Sherry and I went handbag shopping together. I bought a slender gray number and she bought one like it in black. We congratulated ourselves on our good taste. But when I started to change out my stuff, I found that after my keys and notebook, there wasn’t room for anything else. Not even my wallet from across the pond.
She had the same trouble, so we each took ours back. I’m not sure what she actually wound up with but I strutted proudly out of the store with the shiny red stop sign.
I don’t know that I can tout good taste with it, but the thing is smashing for sure. And when the light catches it right, it can blind oncoming pedestrians for miles.
I’m careful with it in stores.
I read police reports all the time about shoplifters, and I know what they look like. They’re furtive and shifty-eyed and they carry big empty handbags they can stuff full of booty like lacey underwear, used Buicks and 55-inch plasma TVs.
Security officers glom onto them the minute they hit a store and watch the flat purse get fatter and fatter before they pass the checkout line without paying. Then they snatch them up and haul them to the hoosegow.
Those horizontal-stripped hoosegow outfits make your butt look big and I don’t want to go there.

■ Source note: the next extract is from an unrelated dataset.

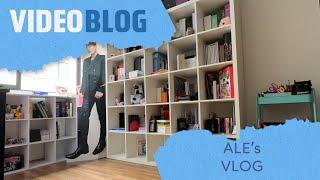 [Allkmy Vlog] Rearranging our KPOPER space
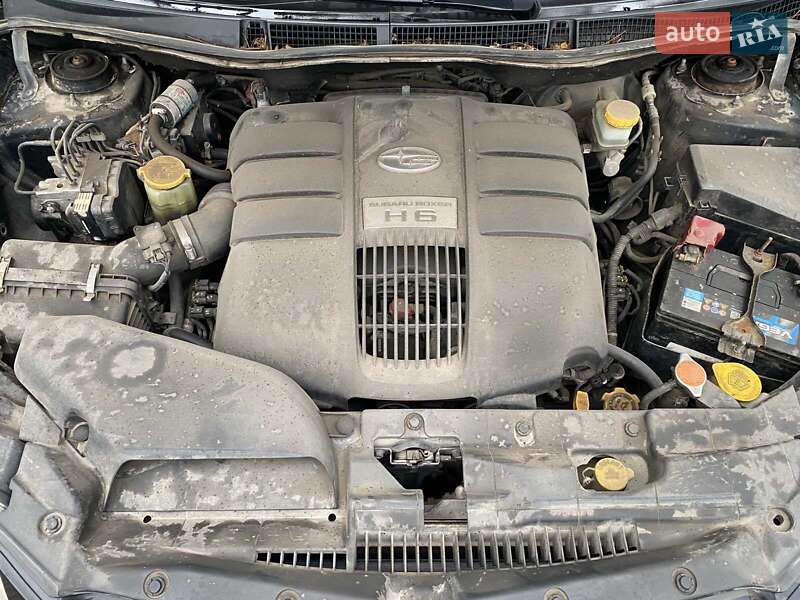 Позашляховик / Кросовер Subaru Tribeca 2007 в Миколаєві фото 34 Позашляховик / Кросовер Subaru Tribeca 2007 в Миколаєві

I can feel their eyes on me and my big bag instantly when I enter a store. I get this burning between my shoulder blades, and I’m afraid to touch anything at all. So I stroll the aisles with my hands clasped behind my back, straining and stretching my neck to see the price tags. I can hear them talking about me.
“See those shifty eyes? See that big, flat, red purse? You can bet she’s gonna try to walk out with a blender in there.”
There’s room for plenty more stuff in this bag. So far it holds necessities like notebooks, seven pens, reading glasses, three lipsticks, a bottle of water, hand cream, a full-sized lint brush for cat hair relief and a purple Crimestoppers mood pencil that turns pink when you roll it in your palm.
“This is definitely a statement handbag,” the clerk said as she rummaged for a shopping sack big enough to contain it.
“You’re right,” I said. “Unfortunately, the statement it’s making is that this woman carries too much stuff.”